At age 16, I only had a passing interest in politics. My brother Michael was ten years older than me. He was the political activist in the family. Somewhere in the attic boxes of family photos is a framed newspaper clipping from the front page of the Boston Globe with a picture of Michael leading the demonstrators with fists raised as they chanted “Stop The War”. Social justice was in the news even back then. 

As a teenager, I got most of my political news from the headlines of the Record American newspaper. The tabloid had graphic photos and attention-grabbing headlines that made me want to read the stories inside. And this was way before the internet. 

I remember sitting in the barber’s chair, not really paying attention to the black-and-white television with the rabbit ear antenna that was playing in the background. The barber stopped cutting my hair and was staring at the television. I looked at the screen and saw an embattled President Nixon reading his resignation speech. The president of our country was stepping down after months of political pressure. This was a momentous event at the time as it had never happened before in the history of the United States. A somber looking President Nixon was telling the American people he didn’t want to leave office but, “The interest of the nation must always come before any personal considerations.” My how times have changed.

I was too young to grasp the gravity of the situation, but I could tell something big was happening. Time stood still in the barber shop. The barber was in a frozen pose with comb and scissors in hand above my head. Waiting customers who sat while flipping through magazines stopped and stared at the television screen. Everyone wondered what was going to happen next.

In those days, it was a huge event when the president appeared on television to address the nation. It was a sign that something important was happening, and it was usually not good. There was no 24-hour news cycle back then.
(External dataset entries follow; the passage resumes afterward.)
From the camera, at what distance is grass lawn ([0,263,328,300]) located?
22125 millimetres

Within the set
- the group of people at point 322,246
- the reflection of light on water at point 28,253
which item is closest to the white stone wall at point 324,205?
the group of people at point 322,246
The public had a day to digest news stories before all the facts were printed in the newspaper the next morning. Facts were checked before stories were released for publication. Editors were held accountable (something unheard of on the internet). Imagine a time when people on the street had discussions about news stories and explored all the angles before forming opinions. The world was better off with a little breathing room between catastrophes.

Today’s instantaneous unfolding of political events in “real time” on the internet is comparable to being hit over the head with a sledgehammer every hour. There is no thinking, only reacting. I wanted to write about this year’s inauguration day. Unfortunately, even though the event is happening today, there’s no telling what will happen. And whatever I write about will be already bumped from the headlines by whatever happens next. 

Instead, I chose to go back in time to recall memories of an earlier time in our history, when grave situations still happened and horrific events captured the headlines. There were moments when our country stood still collectively while we caught our breath. Back then we were one nation, under God (which I’m not sure I’m even supposed to say because it might offend someone).

America has been through so much in its very short history. This past year alone the word “unprecedented” has been used so many times, it’s lost all meaning. There’s no time to be shocked at anything anymore. Life happens fast in today’s world. Even though there’s no going back, I’m glad I’ve held onto memories of a simpler time. Reflecting on the past is the one advantage of growing older. Learning from the past seems to be much more difficult.